Julian Hoeber (Philadelphia, 1974; vive a Los Angeles), giovane artista statunitense alla prima personale italiana, ha studiato la lezione. Non soltanto quella relativamente recente dei giochi optical anni ‘60, così londinesi e chic. Ma anche la storia che stava alle spalle di quelle esperienze, a partire dalle ricerche del XIX e XX secolo sugli effetti delle strutture cromatiche e geometriche sulla retina oculare. Tutti quegli studi ed esperimenti condotti su basi scientifiche, che miravano a creare l’illusione del movimento e del colore nell’occhio dell’osservatore, pur non essendo questi effettivamente presenti sulla tela. L’artista di stanza in California vi aggiunge però una carica di contemporaneità assolutamente personale, che mescola rimandi erotici, pop e cinematografici in un complesso eclettico e affascinante.

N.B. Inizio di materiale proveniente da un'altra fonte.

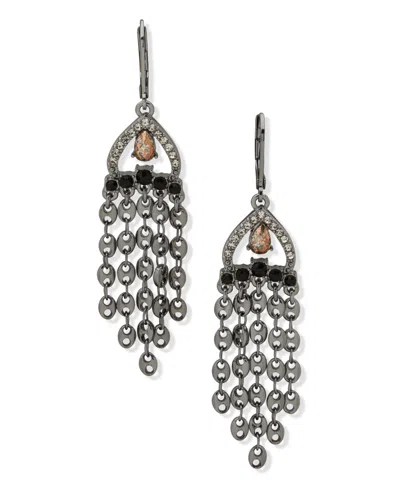 Lonna & Lilly Hematite-tone Chain Chandelier Earrings In Black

Presente in mostra, innanzitutto, una serie di disegni su carta di ampio formato, che rientrano pienamente nella tradizione optical. Sia per l’uso discreto del
trompe l’oeil (il nastro adesivo rigorosamente finto sembra tenere attaccate immagini fotografiche su un ideale sfondo bianco), sia nelle forme geometriche a spirale e onde bicolori tipiche degli inganni percettivi del “genere”. Basta osservare il lavoro dalla giusta distanza e abituare l’occhio: si vedrà emergere dalla carta la scritta
Feed me Pretty, un’allusione erotica sostenuta dalle forme circolari, vagamente simili a seni, che compaiono in primo piano. Medesimo procedimento per un lavoro su fondo scuro, in cui un reticolo di linee perpendicolari crea punti circolari che sembrano apparire e scomparire. Lo spettatore deve solo accettare il gioco, lasciarsi coinvolgere e sospendere il giudizio. Nella seconda sala, il richiamo alla tradizione optical si unisce all’eco del Minimalismo. Innanzitutto nella serie di piccoli disegni
Minimally Erotics, in cui giochi di linee geometriche in rigoroso bianco e nero celano forme di organi sessuali e simili. Quindi, un omaggio esplicito alle sculture di
Sol LeWitt, con un piccolo lavoro in legno, sul quale -da qualsiasi parte lo si osservi- sarà sempre leggibile la scritta
Impossibile oppure
Gorgeous.
La mostra si conclude con un video, liberamente ispirato al lavoro analogo di
Andy Warhol del ‘63,
Kiss. Protagonista indiscusso, il bacio. L’artista ha invitato una serie di coppie, senza alcuna distinzione di sesso, a interpretare un bacio appassionato davanti alla telecamera. Anche in questo caso, non si abbandona il tema della finzione ottica: i baci sono dichiaratamente e volutamente “finti”, sono cast esplicitamente diretti da un regista che non fa nulla per nascondere la propria presenza (se ne avverte spesso la voce fuori campo, così come le mani che intervengono a posizionare gli attori, o il microfono appeso a registrare le voci). Anche con questo lavoro, Hoeber intende farci riflettere sulla sospensione dell’incredulità, sull’illusione che solo la vita può creare. E l’arte ne è perfettamente artefice.